MINI Roadster Cooper SD review
by David Finlay (29 August 2012)
A couple of weeks ago I drove the Cooper S version of the MINI Roadster. As you can see from this review, I didn't like it much. My main objection was that it seemed to have too much power for a body structure that has lost a lot of stiffness in the process of having the roof removed from the Coupé on which it's based.
If you buy a Cooper SD instead, the extra £725 you're asked to pay earns you a power drop of 41bhp. Not much of a bargain, you might think, but it means you're never going to get into a situation where the engine feels like it wants to snap the car in two.
And there's a lot more to it than that. The 143bhp 1.6-litre turbo diesel engine is incredibly flexible, to the extent that it will operate quite happily from 1000rpm, just a couple of hundred revs above tickover. Extending it beyond 3000rpm is something of an extravagance, and one you don't need to indulge in even if you're trying to cover the ground quickly.
Perhaps because of this (though with the extra help of a stop/start system which really does cut out the engine nearly ever time the car comes to rest, which is much less common than you might think) the Cooper SD is surprisingly economical. The official combined figure is 62.8mpg, and although MINIs in general have a reputation of being much thirstier in real life than they are on the EU test, this particular model comes closer to the ideal than most.
Over the course of a week I averaged around 58mpg despite occasionally pushing the car quite hard. With a little care, 60mpg would be easy, 62.8 perfectly possible and 65 not unachievable. If you can't manage 50, either you're driving flat-out everywhere or you live in an area with an awful lot of steep hills.
The engine is fairly noisy, but a lot of other sounds come in through the thin fabric roof so the effect isn't as irritating as it might be. A solid-roofed Coupé with the same unit the characteristic diesel rumble and clatter is much more insistent.
I covered nearly 500 miles in this Roadster, and enjoyed it more than I thought I would. It's strictly built for two - there is nothing remotely resembling a rear seat - but it will happily accommodate a couple of large adults. The only reservation here is that, at six foot three, I found the top of my head was slightly above the level of both the top of the windscreen and the roll hoop behind me, which could get messy if the car turned over.

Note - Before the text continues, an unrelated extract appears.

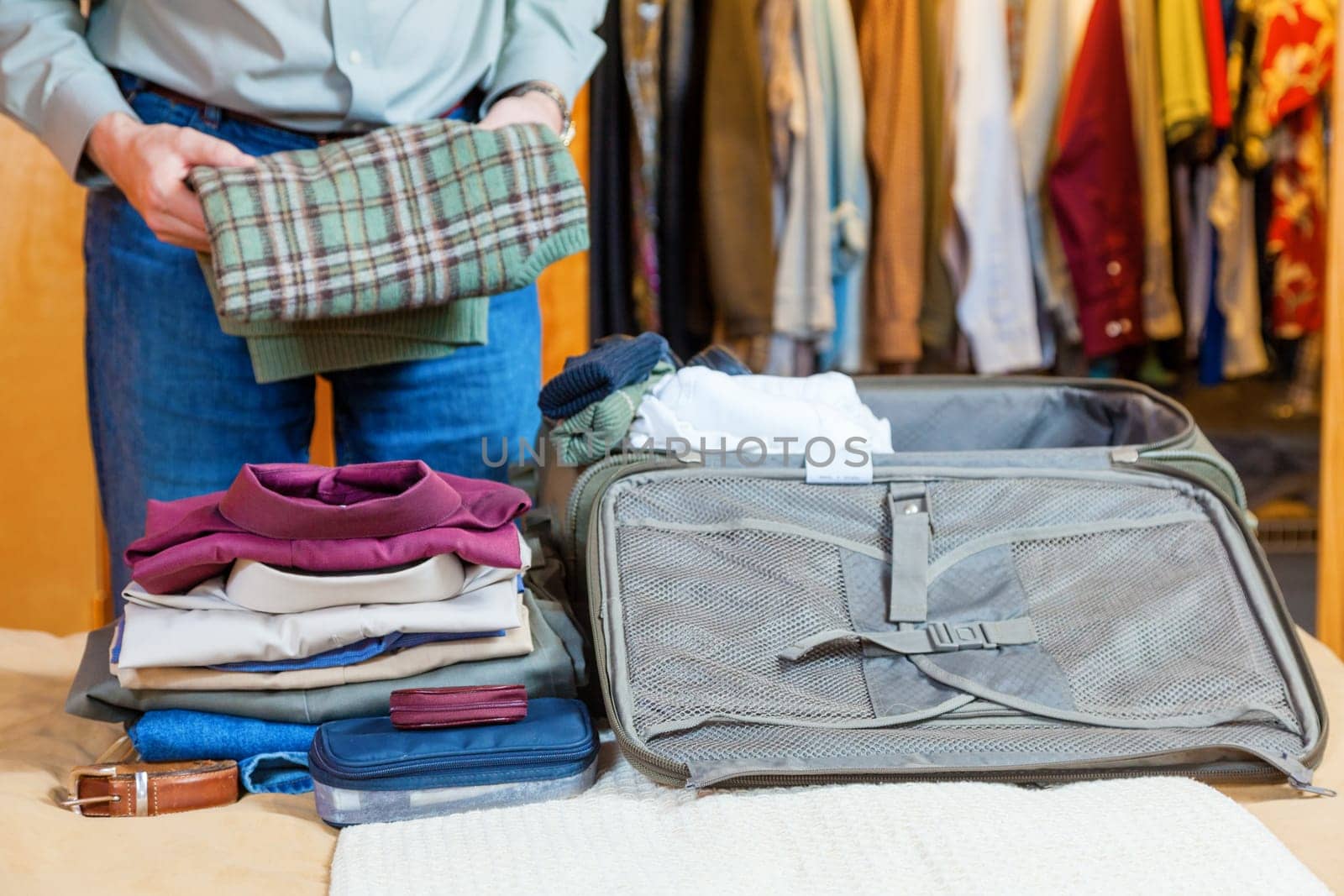 A man is packing suitcase at home for a business trip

But at least my skull wasn't constantly banging off a metal roof support, as is often the way with convertibles. In the Roadster, those supports are well-positioned, and several inches out of reach.
There are still some interior space issues, though. The various seat adjustment levers are difficult to reach, and the ones controlling the angle of the seat backs are impossible to get to if the armrest is in such a position as to let you rest your arm on it.

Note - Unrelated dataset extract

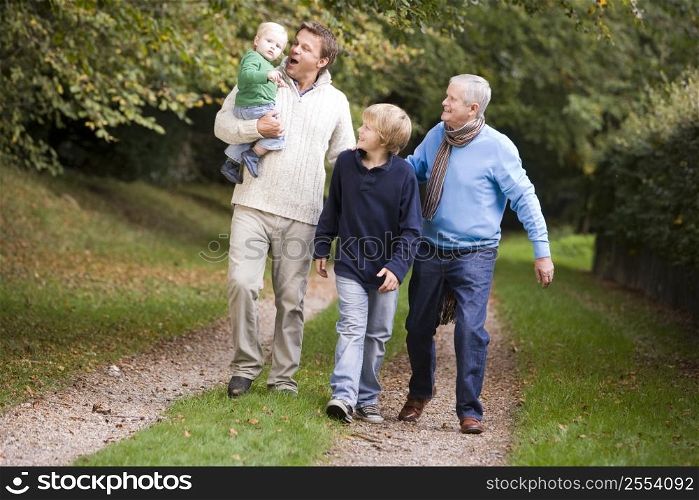 Garndfather Father and grandsons walking on path outdoors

Still on the subject of the interior, MINI's insistence on copying the large central speedometer fitted to most (but by no means all) classic Minis has reached a ridiculous level. The speedo on modern versions is enormous, and so difficult to read that you're better off ignoring it and using the digital readout on the revcounter mounted right in front of you instead. The speedo's main function is to house information relating to the radio, air-conditioning, satellite navigation and so on, all of it much more clearly represented than the actual speed of the car.
The incredibly quick response to steering inputs has been carried over from other MINIs, and that could be a bit of a problem if you tend to drive with your fists, since you may find the nose darting off more violently than you expected. This is a car that rewards a delicate touch.
Several of the options fitted to the test car are available at no cost, by far the most useful being the small but effective wind deflector which is mounted between the roll hoops. Why would you not opt for that when you won't be charged for it?
The category of options which do add to the price is much larger. The test car had no less than £6350 worth of them, including (but not limited to) the Chili, Sport and Media packs (the last of which includes satellite navigation), metallic paint, a very good Harmon Kardon audio system, metallic paint and - £215 well spent, I say - seat heating.